In migrant shelters along the Guatemalan-Mexican border, we came across Honduran and Salvadoran mothers with young children in tow who braved the harrowing journey from their home countries to seek protection in new lands. We were told that smugglers place a premium on trafficking women and girls to the north, charging them roughly $500 more for the journey than they do for men and boys. The increased fee does not, however, translate into increased protection from rape, forced prostitution, and other forms of sexual violence and exploitation they routinely face along the route. Sadly, we also learned that many of these women and girls do not know how to articulate their need for international protection upon arrival in Mexico or the United States.
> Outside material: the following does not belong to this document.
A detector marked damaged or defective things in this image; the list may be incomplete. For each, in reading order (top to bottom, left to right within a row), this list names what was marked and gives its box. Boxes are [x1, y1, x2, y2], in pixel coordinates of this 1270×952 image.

In Honduras, we met teenage girls who were subject to the risk of sexual violence and forced recruitment as “gang girlfriends.” We witnessed the arrival of a ferry with deportees from Belize – all women – who, upon their arrival, told us that they planned to leave the country as soon as they could. We learned that despite the goodwill of state-run agencies, the Honduran government has not yet been able to operationalize protection mechanisms for these women and girls, thus forcing them to displace internally.
In El Salvador’s deportee reception center, we saw young women taking their first steps back into the country after being deported from the United States, some of whom fled physical insecurity and targeted violence – not economic insecurity, contrary to the prevailing belief on the cause of migration from the Northern Triangle (El Salvador, Honduras and Guatemala). We heard first-hand testimony of how low-resourced civil society support groups scramble to pay – often out of their own pockets – for short-term accommodation in hostels in an effort to save women’s lives. We also learned how these same groups have created a grassroots network to shuttle survivors out of the country and through Guatemala, precisely because their government still fails to recognize violence-fueled displacement and implement much needed protection solutions.
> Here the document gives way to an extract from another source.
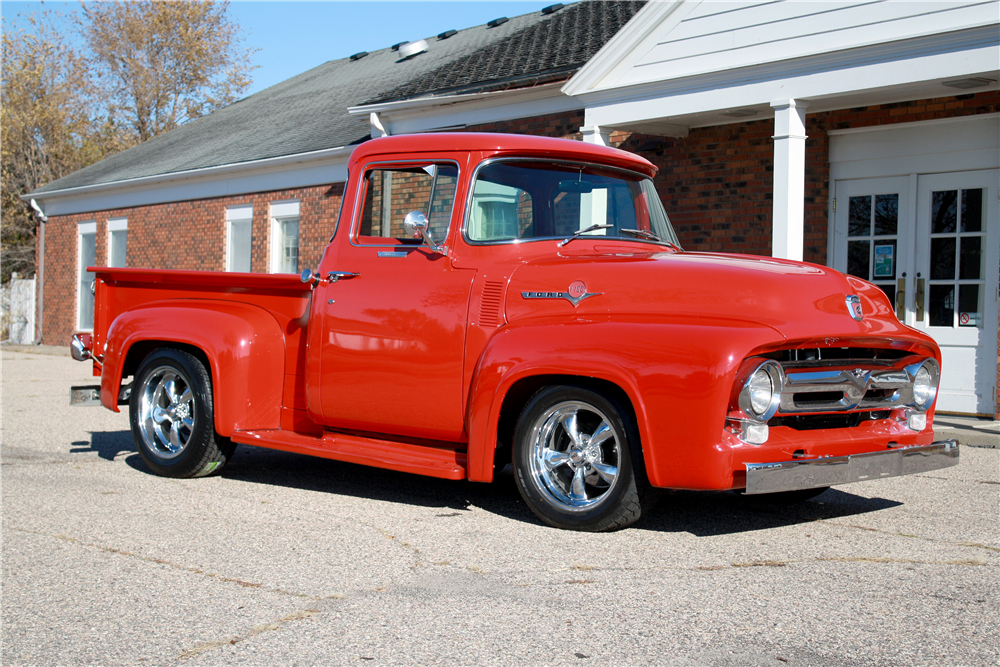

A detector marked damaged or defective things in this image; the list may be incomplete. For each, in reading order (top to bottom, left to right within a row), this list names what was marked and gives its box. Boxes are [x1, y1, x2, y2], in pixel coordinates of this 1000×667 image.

Meanwhile, the United States continues to deport thousands to both El Salvador and Honduras. USAID is currently financing a “welcome package” for these deportees in both countries – a hygiene kit, among other nominal goods and services. The obvious question is whether, through these and other modest efforts to assist deportees, the United States is meeting its humanitarian, legal, and ethical obligations surrounding protection when it deports people to such conditions.
We think not.
In both countries, the lack of robust protection mechanisms leaves violence survivors with little to no recourse but to migrate across borders. As one NGO representative so eloquently described: “internal displacement is the preamble to migration.” In other areas of the world, the international community calls these “migrants” asylum-seekers. The history of migration from the Northern Triangle, resulting from economic insecurity, seems to impede policymakers to change their thinking to meet today’s realities – or at least consider protection-friendly alternatives. This rigidity does not do justice to today’s challenging and dangerous conditions.
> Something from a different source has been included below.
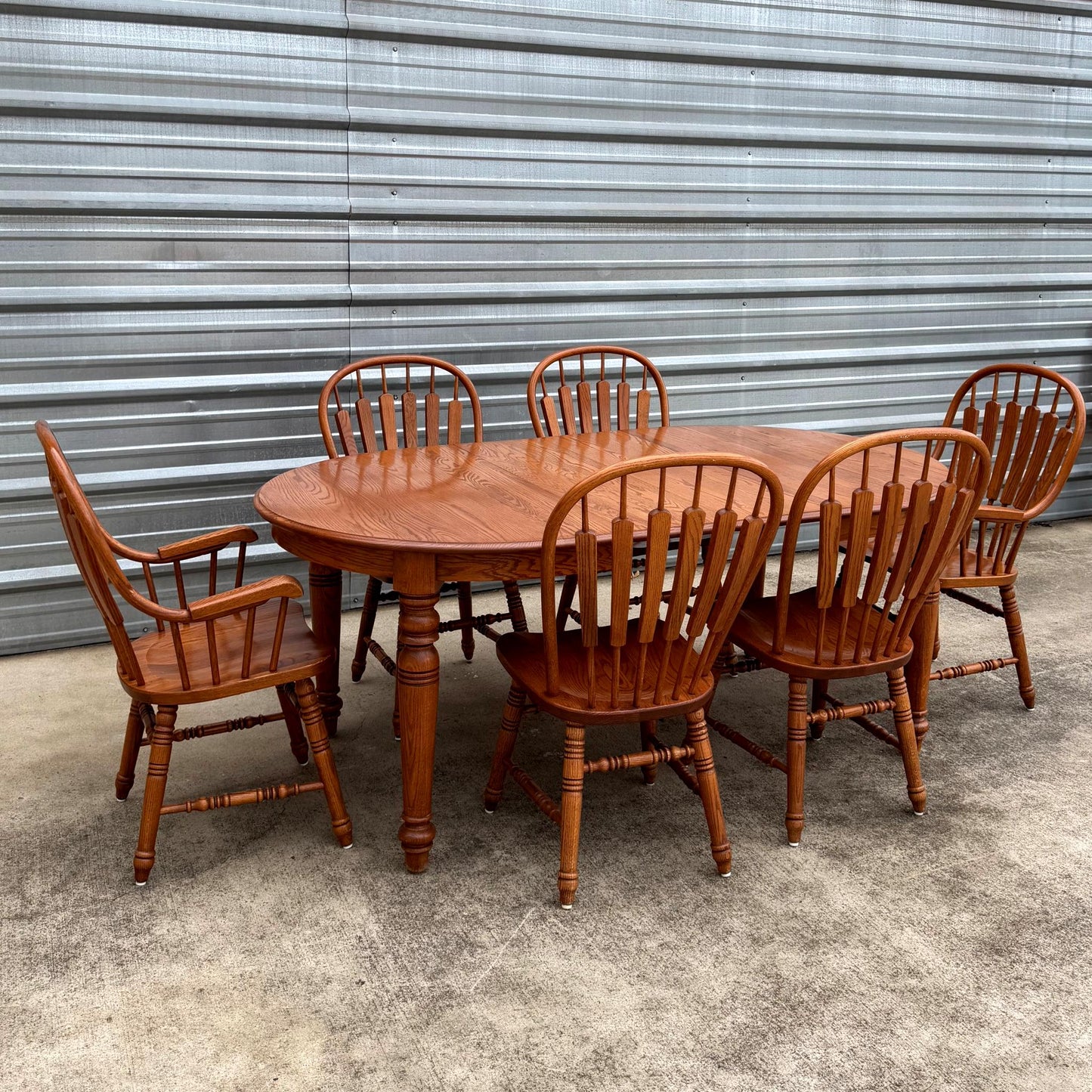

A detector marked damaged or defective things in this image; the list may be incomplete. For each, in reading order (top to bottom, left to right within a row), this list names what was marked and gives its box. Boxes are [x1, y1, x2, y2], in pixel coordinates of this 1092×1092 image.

cracked concrete surface [2, 521, 1092, 1092]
We are fast approaching the January 8, 2018 deadline for the Trump Administration’s decision to extend or end the designation of El Salvador as a Temporary Protected Status (TPS)-designated country. Hondurans are also waiting for a decision on their TPS status, with the final U.S. determination deferred from November 6, 2017 to July 5, 2018. Some 60,000 Hondurans and some 200,000 Salvadorans are current beneficiaries of TPS status and have been permitted to remain in the United States after natural disasters hit their countries in 1999 and 2001 respectively. Most of these people are parents to hundreds of thousands of U.S.-born children, they have known no home other than the United States for nearly two decades and they have been productive members of U.S. society.
Given the current conditions in their countries of origin, it is critical that the United States government not deport TPS beneficiaries and, rather, provide alternatives for Honduran and Salvadoran women, men and children to remain legally in the United States. The violence and displacement within the Northern Triangle region only underscore the urgency of this issue and the importance of ensuring that the United States not be complicit in undermining fundamental protection principles and violating human rights.
Refugees International Senior Advocate Francisca Vigaud-Walsh traveled in the Northern Triangle region in November 2017. RI President Eric Schwartz and Fellow Gabriela Dehesa-Azuara also participated in the mission. Their full report on the mission is forthcoming.